Right now, the process generates new Canvases for every new contribution and then asks for the image resource that will be annotated onto it. These Canvases are hosted locally to Broken Books, but they serve only as an attachment for the image and the annotationLists generated. Academic rigor applies metadata through annotation, acknowledging the hosting repository and the owner of the document itself, but it would be much better if the hosted Canvas could be referenced directly. The problem is that if this Canvas URI is not dereferencable, the Canvas can only be a fork from the original, as the original Manifest which sequenced it is not recorded.

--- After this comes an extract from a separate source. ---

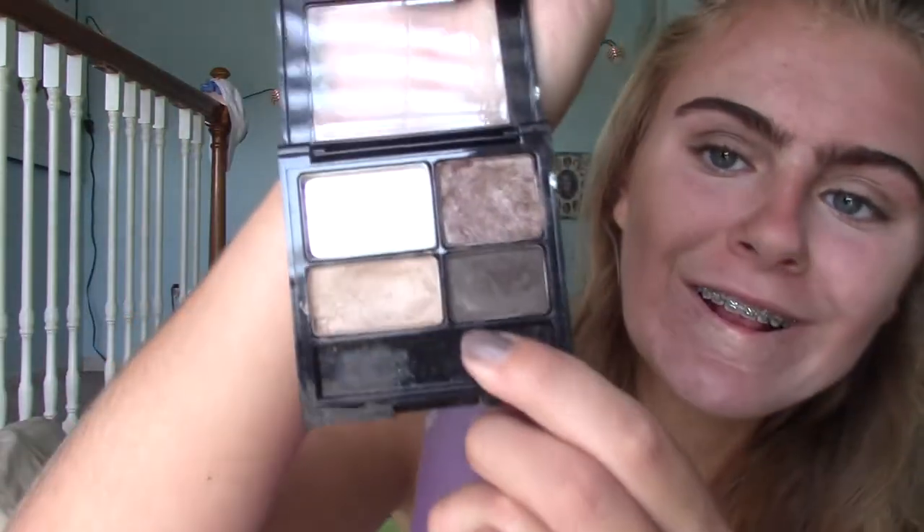It doesn't look good right now because it's not all blended, but I'm also going to put a darker color on the edges. Oh my god, this looks so freaking messy. We're going to blend it out and see how it looks. I should have just ditched this eyeshadow — I suck at eyeshadow.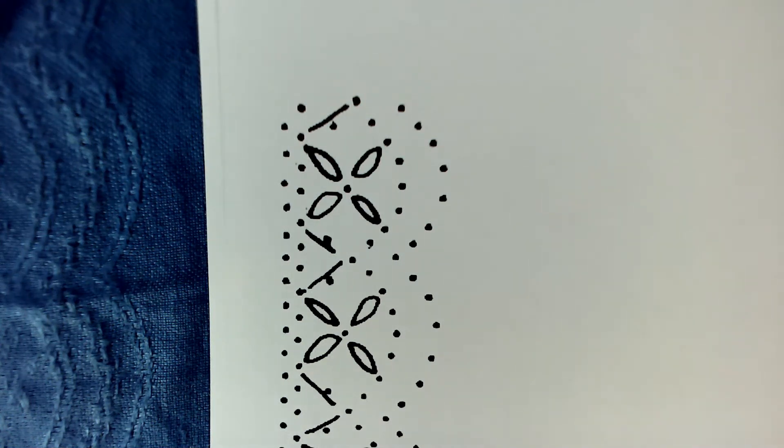When starting a new project, the first thing to do is decide how to begin the start. Often it's marked on the pattern, but sometimes not. I'd like to show you three different ways to start at the beginning of this piece.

The standard already has an opinion about dereferencable Canvas URIs:

Canvases MUST be identified by a URI and it must be an HTTP(s) URI. … Canvases MAY be dereferenced separately from the manifest via their URIs

If the MAY becomes a SHOULD or if institutions are just better at providing access to their Canvas objects, this will "just work."

Additional Background

The benefit for the hosting institutions is that by providing a dereferencable Canvas URI, they also know where to look for annotationLists that describe their objects. The graph now holds a list of metadata and relationship information about the new Broken Books Manifest that also sequences this same canvas. Better photography or description can help both Manifests. If Harvard has one quire in a Manifest, but their Canvas URIs are pointed at by Broken Books, it is immediately possible to point to the sequence that orders the quire within the full(er) object.